_What needs to be done:_ In the data below, begin at the line with "In the genome" and stop after the line with "oil is a complex, dynamic"; output those lines exactly and no pictures.

Extracted records START

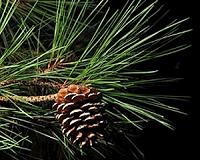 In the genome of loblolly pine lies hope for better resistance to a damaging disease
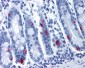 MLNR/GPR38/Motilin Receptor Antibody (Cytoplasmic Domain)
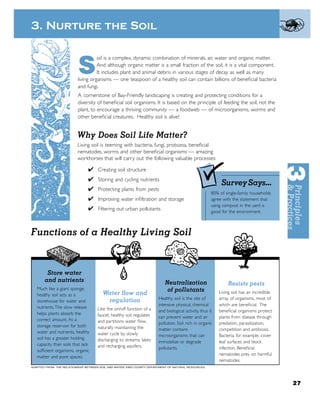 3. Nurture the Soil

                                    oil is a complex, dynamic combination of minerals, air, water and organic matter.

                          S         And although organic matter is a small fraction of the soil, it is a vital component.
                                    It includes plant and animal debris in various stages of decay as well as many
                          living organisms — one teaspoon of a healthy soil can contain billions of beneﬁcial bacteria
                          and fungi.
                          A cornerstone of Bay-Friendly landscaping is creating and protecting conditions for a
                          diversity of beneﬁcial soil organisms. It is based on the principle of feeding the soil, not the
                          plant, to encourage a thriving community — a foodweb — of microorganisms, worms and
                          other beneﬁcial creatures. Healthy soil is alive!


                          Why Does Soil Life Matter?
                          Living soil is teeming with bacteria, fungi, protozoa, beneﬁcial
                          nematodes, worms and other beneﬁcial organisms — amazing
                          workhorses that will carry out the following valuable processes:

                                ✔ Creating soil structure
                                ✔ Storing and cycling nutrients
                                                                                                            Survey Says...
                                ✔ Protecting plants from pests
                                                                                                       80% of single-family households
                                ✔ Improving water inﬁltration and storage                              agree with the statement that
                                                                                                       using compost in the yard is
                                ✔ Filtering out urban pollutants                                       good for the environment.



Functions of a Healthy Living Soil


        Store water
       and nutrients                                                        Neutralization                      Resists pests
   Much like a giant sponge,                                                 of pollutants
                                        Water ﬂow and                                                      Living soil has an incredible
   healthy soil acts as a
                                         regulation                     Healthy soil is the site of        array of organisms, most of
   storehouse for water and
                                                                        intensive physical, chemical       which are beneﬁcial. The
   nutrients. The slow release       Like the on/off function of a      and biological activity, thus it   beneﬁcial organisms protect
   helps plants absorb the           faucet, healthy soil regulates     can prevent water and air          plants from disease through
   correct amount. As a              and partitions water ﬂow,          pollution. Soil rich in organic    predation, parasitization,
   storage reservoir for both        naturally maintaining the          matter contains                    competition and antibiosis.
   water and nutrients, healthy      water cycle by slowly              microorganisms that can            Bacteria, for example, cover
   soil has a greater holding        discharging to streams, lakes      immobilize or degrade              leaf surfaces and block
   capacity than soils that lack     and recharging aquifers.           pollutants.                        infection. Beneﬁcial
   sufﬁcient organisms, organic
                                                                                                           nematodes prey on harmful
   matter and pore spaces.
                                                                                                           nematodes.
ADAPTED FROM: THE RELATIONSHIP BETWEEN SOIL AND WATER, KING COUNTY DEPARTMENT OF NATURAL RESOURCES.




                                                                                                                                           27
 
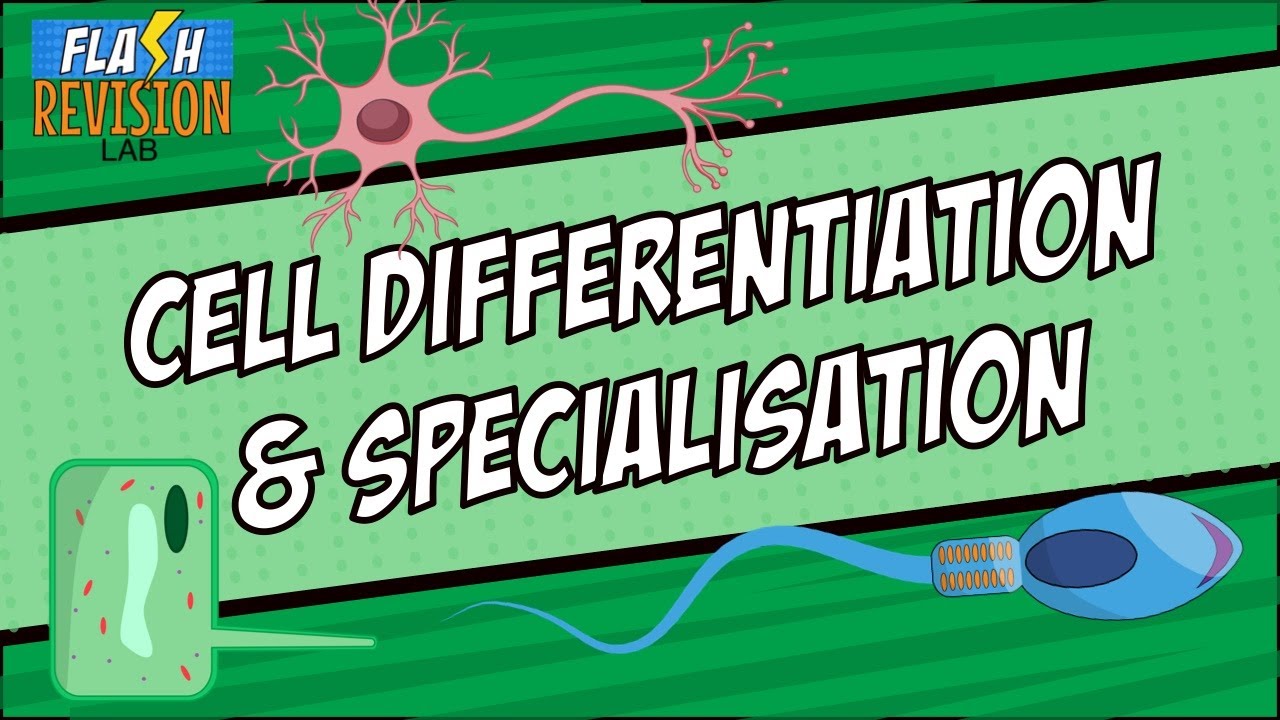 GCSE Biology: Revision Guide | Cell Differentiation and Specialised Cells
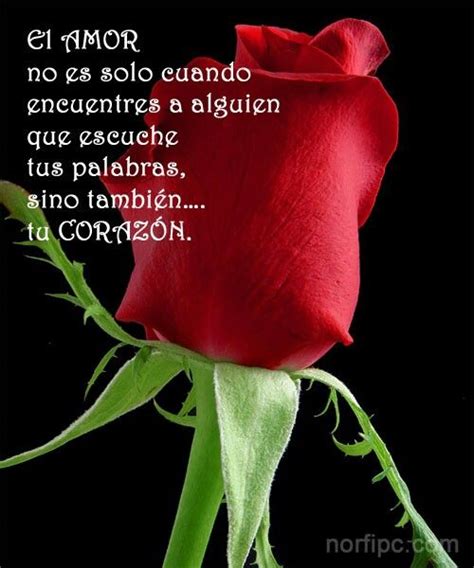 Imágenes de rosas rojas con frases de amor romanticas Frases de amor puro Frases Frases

Extracted records END
Extracted records START

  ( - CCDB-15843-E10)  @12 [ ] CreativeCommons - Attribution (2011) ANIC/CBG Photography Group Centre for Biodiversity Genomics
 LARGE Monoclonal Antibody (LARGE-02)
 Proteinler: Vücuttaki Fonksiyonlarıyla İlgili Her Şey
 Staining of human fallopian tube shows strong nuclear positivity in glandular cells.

Extracted records END

_Answer:_
 In the genome of loblolly pine lies hope for better resistance to a damaging disease
 MLNR/GPR38/Motilin Receptor Antibody (Cytoplasmic Domain)
 3. Nurture the Soil

                                    oil is a complex, dynamic combination of minerals, air, water and organic matter.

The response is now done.